Front 242 + Gérard Jugno 106

Front 242, Gérard Jugno 106

Rockstore, Montpellier (France)

du 25/03/2023 au 25/03/2023

Cette soirée va clore le cycle des rattrapages du covid. À l'origine, je devais monter voir Front 242 à Paris le quatrième weekend de mars 2020, pour un concert évidemment reporté en catastrophe avec le premier confinement. Au deuxième report c'était toute la tournée qui était redessinée, avec l'ajout de dates dans le Midi non prévues à l'origine et notamment une à Montpellier ! Naturellement, je me faisais rembourser ma place pour Paris au profit de celle à la maison, fixée pour mai 2022. C'est alors que Jean-Luc De Meyer eut un gros pépin de santé en avril précédent, qui obligea le groupe à repousser encore sa tournée d'un an en supprimant quelques arrêts. Tout le monde est remis et enfin, trois ans après quasiment jour pour jour, on y est. Malheureusement cela obligeait à faire un choix, car il y avait aussi du bon Thrash Black programmé ce même soir en ville (Hexecutor et Zoldier Noiz). Mais j'y ai envoyé du monde à ma place.

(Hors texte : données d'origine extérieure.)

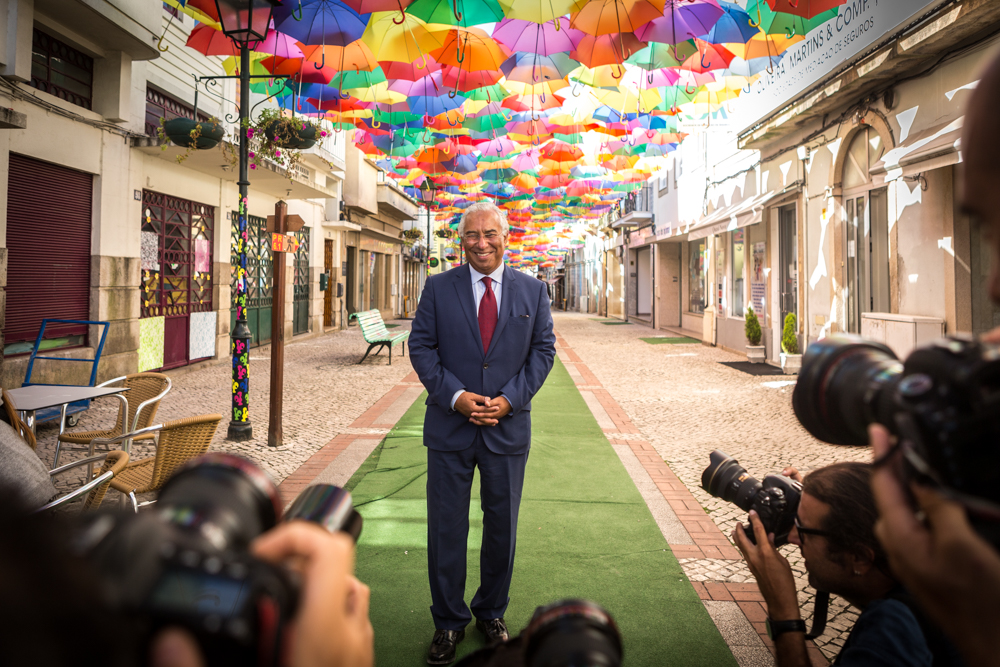 “Não temos de alterar o nosso programa”. Palavra de Costa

Il est si rare de voir de la vraie EBM que je suis arrivé parmi les premiers dans notre cher vieux Rockstore, histoire de faire un tour au merch' où il y avait déjà la queue. Progressivement la foule arrivait, et contredisait la rumeur d'un faible nombre de préventes. Ce n'était peut-être pas complet, mais on devait être aux quatre cinquièmes de jauge.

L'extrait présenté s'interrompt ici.